There are 3 architecture-specific opcode formats: x86, x64, and ARM64.

All 3 formats have a “null opcode” (0x0000_0000) which indicates that there is no unwinding information for this range of addresses. This happens with things like hand-written assembly subroutines. This implementation will yield it as a valid opcode that converts into CompactUnwindOp::None.

All 3 formats share a common header in the top 8 bits (from high to low):

/// Whether this instruction is the start of a function.
is_start: u1,

/// Whether there is an lsda entry for this instruction.
has_lsda: u1,

/// An index into the global personalities array
/// (TODO: ignore if has_lsda == false?)
personality_index: u2,

/// The architecture-specific kind of opcode this is, specifying how to
/// interpret the remaining 24 bits of the opcode.
opcode_kind: u4,

x86 and x64 Opcodes

x86 and x64 use the same opcode layout, differing only in the registers being restored. Registers are numbered 0-6, with the following mappings:

x86:

  • 0 => no register (like Option::None)
  • 1 => ebx
  • 2 => ecx
  • 3 => edx
  • 4 => edi
  • 5 => esi
  • 6 => ebp

x64:

  • 0 => no register (like Option::None)
  • 1 => rbx
  • 2 => r12
  • 3 => r13
  • 4 => r14
  • 5 => r15
  • 6 => rbp

Note also that encoded sizes/offsets are generally divided by the pointer size (since all values we are interested in are pointer-aligned), which of course differs between x86 and x64.

There are 4 kinds of x86/x64 opcodes (specified by opcode_kind):

(One of the llvm headers refers to a 5th “0=old” opcode. Apparently this was used for initial development of the format, and is basically just reserved to prevent the testing data from ever getting mixed with real data. Nothing should produce or handle it. It does incidentally match the “null opcode”, but it’s fine to regard that as an unknown opcode and do nothing.)

x86/x64 Opcode 1: Frame-Based

The function has the standard frame pointer (bp) prelude which:

  • Pushes the caller’s bp to the stack
  • Sets bp := sp (new frame pointer is the current top of the stack)

bp has been preserved, and any callee-saved registers that need to be restored are saved on the stack at a known offset from bp. The return address is stored just before the caller’s bp. The caller’s stack pointer should point before where the return address is saved.

So to unwind you just need to do:

%sp := %bp + 2*POINTER_SIZE
%ip := *(%bp + POINTER_SIZE)
%bp := *(%bp)

(and restore all the other callee-saved registers as described below)

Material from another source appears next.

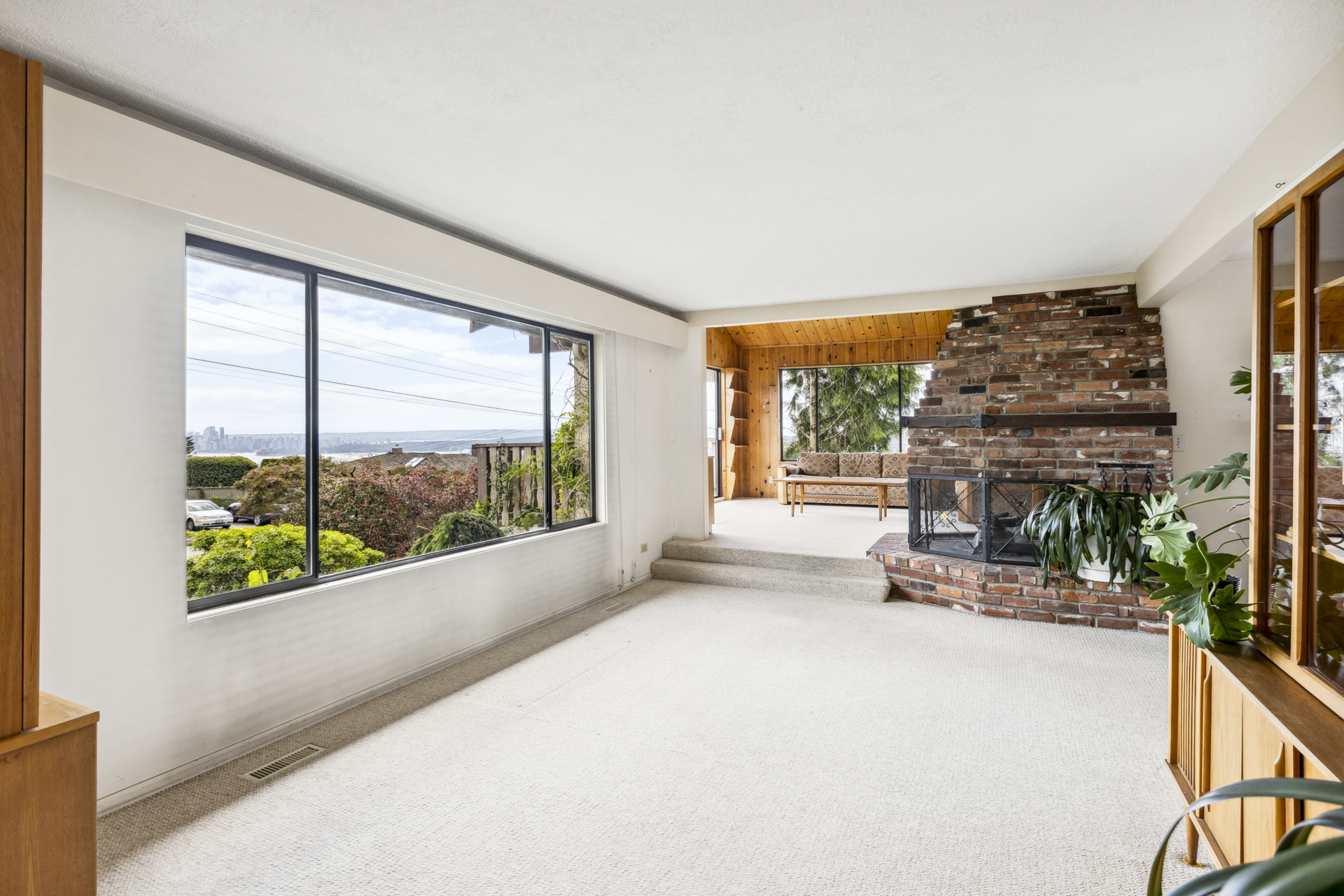 208 West Braemar Road, North Vancouver - For Sale | Image 3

Registers are stored in increasing order (so reg1 comes before reg2). If a register has the “no register” value, continue iterating the offset forward. This lets the registers be stored slightly-non-contiguously on the stack.

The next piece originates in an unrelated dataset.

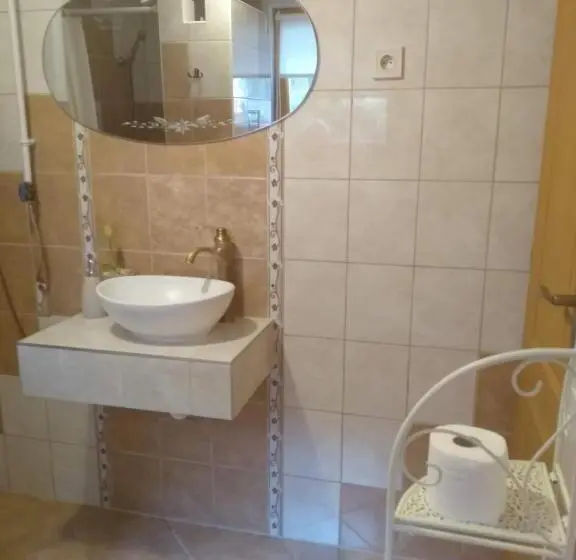 Standard room with outdoor bath, Margaréta Panzió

The remaining 24 bits of the opcode are interpreted as follows (from high to low):

/// The offset from bp that the registers to restore are saved at,
/// divided by pointer size.
stack_offset: u8,

_unused: u1,

/// Registers to restore (see register mapping in previous section)
reg1: u3,
reg2: u3,
reg3: u3,
reg4: u3,
reg5: u3,

x86/x64 Opcode 2: Frameless (Stack-Immediate)

The callee’s stack frame has a known size, so we can find the start of the frame by offsetting from sp (the stack pointer). The return address is saved immediately after that location. Any callee-saved registers that need to be restored are saved immediately after that.

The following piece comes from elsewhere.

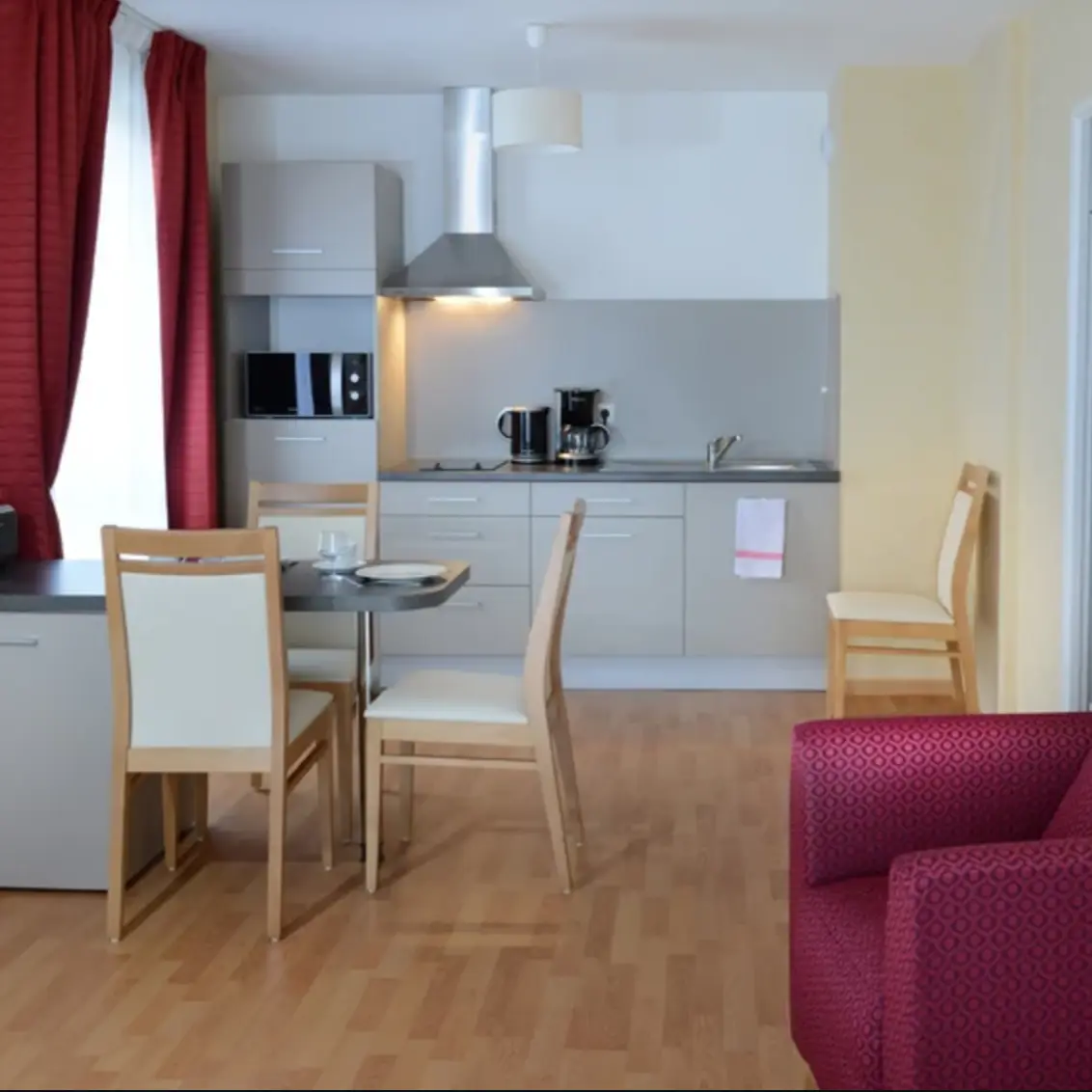 L'Hermine Blanche WASQUEHAL - LILLE - 59 — visuel 2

So to unwind you just need to do:

%sp := %sp + stack_size * POINTER_SIZE
%ip := *(%sp - 8)

(and restore all the other callee-saved registers as described below)

Registers are stored in reverse order on the stack from the order the decoding algorithm outputs (so reg[1] comes before reg[0]).

If a register has the “no register” value, do not continue iterating the offset forward – registers are strictly contiguous (it’s possible “no register” can only be trailing due to the encoding, but I haven’t verified this).

The remaining 24 bits of the opcode are interpreted as follows (from high to low):

/// How big the stack frame is, divided by pointer size.
stack_size: u8,

_unused: u3,

/// The number of registers that are saved on the stack.
register_count: u3,

/// The permutation encoding of the registers that are saved
/// on the stack (see below).
register_permutations: u10,

The register permutation encoding is a Lehmer code sequence encoded into a single variable-base number so we can encode the ordering of up to six registers in a 10-bit space.

This can’t really be described well with anything but code, so just read this implementation or llvm’s implementation for how to encode/decode this.

x86/x64 Opcode 3: Frameless (Stack-Indirect)

(Currently Unimplemented)

Stack-Indirect is exactly the same situation as Stack-Immediate, but the stack-frame size is too large for Stack-Immediate to encode. However, the function prereserved the size of the frame in its prologue, so we can extract the the size of the frame from a sub instruction at a known offset from the start of the function (subl $nnnnnnnn,ESP in x86, subq $nnnnnnnn,RSP in x64).

This requires being able to find the first instruction of the function (TODO: presumably the first is_start entry <= this one?).

TODO: describe how to extract the value from the sub instruction.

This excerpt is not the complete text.